*** Opening ENTRIES SHOWN ***

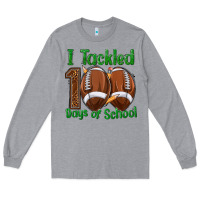 Heather Grey i tackled 100 days of school football Long Sleeve Tee - texasbilliewilder
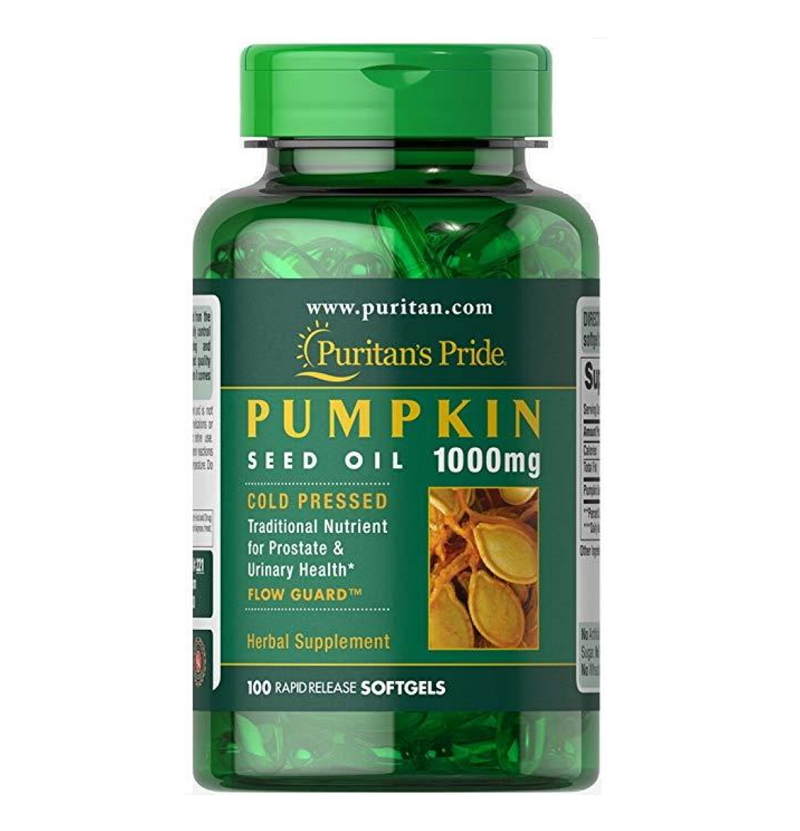 Puritan's Pride Pumpkin Seed Oil 1000 Mg 100 Softgels Protect Prostate ป้องกันต่อมลูกหมาก น้ำมัน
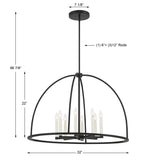 Abbott 8 Light Black Chandelier Crystorama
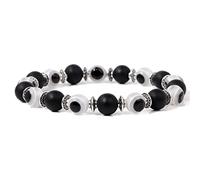 BTMDECOR 2 pulseras de ojo de la fortuna para mujeres y hombres, pulseras de cuentas coloridas, pulseras elásticas de cristal para parejas, regalo, 19 cm, Ágata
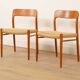 2 x vintage dining chairs | Niels Otto Møller | Model 75 | Teak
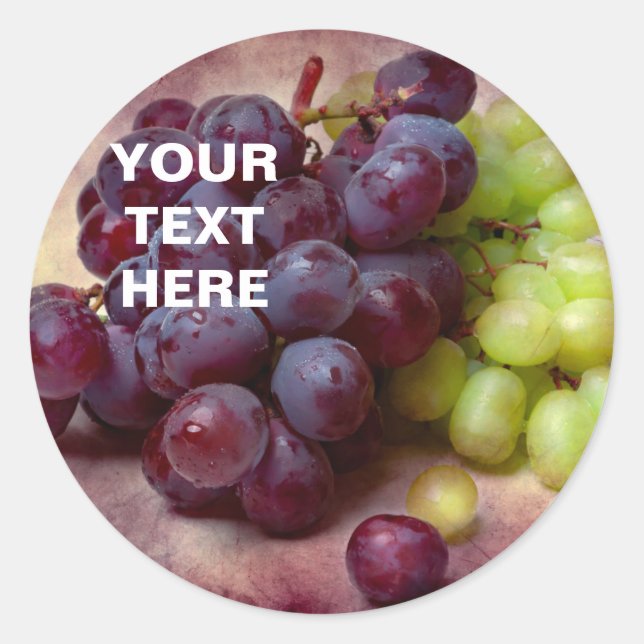Grapes Red And Green Classic Round Sticker (Front)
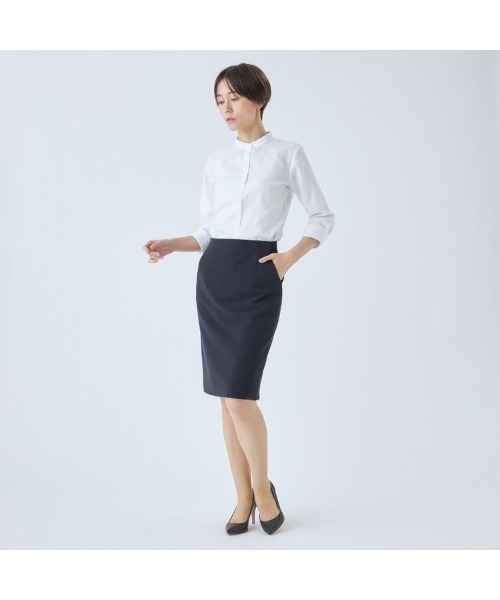 ブラウス シャツ 「形態安定」バンドカラー7分袖シャツ レディース SUIT SELECT ブラウス シャツ 「形態安定」バンドカラー7分袖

*** Closing ENTRIES SHOWN ***

§ WHAT TO WORK ON
Only the lines from the one with "Abbott 8 Light Black Chandelier Crystorama" through the final line of the data should be written out, exactly and including both ends. Skip the pictures.

§ RESULT
 Abbott 8 Light Black Chandelier Crystorama
 BTMDECOR 2 pulseras de ojo de la fortuna para mujeres y hombres, pulseras de cuentas coloridas, pulseras elásticas de cristal para parejas, regalo, 19 cm, Ágata
 2 x vintage dining chairs | Niels Otto Møller | Model 75 | Teak
Grapes Red And Green Classic Round Sticker (Front)
 ブラウス シャツ 「形態安定」バンドカラー7分袖シャツ レディース SUIT SELECT ブラウス シャツ 「形態安定」バンドカラー7分袖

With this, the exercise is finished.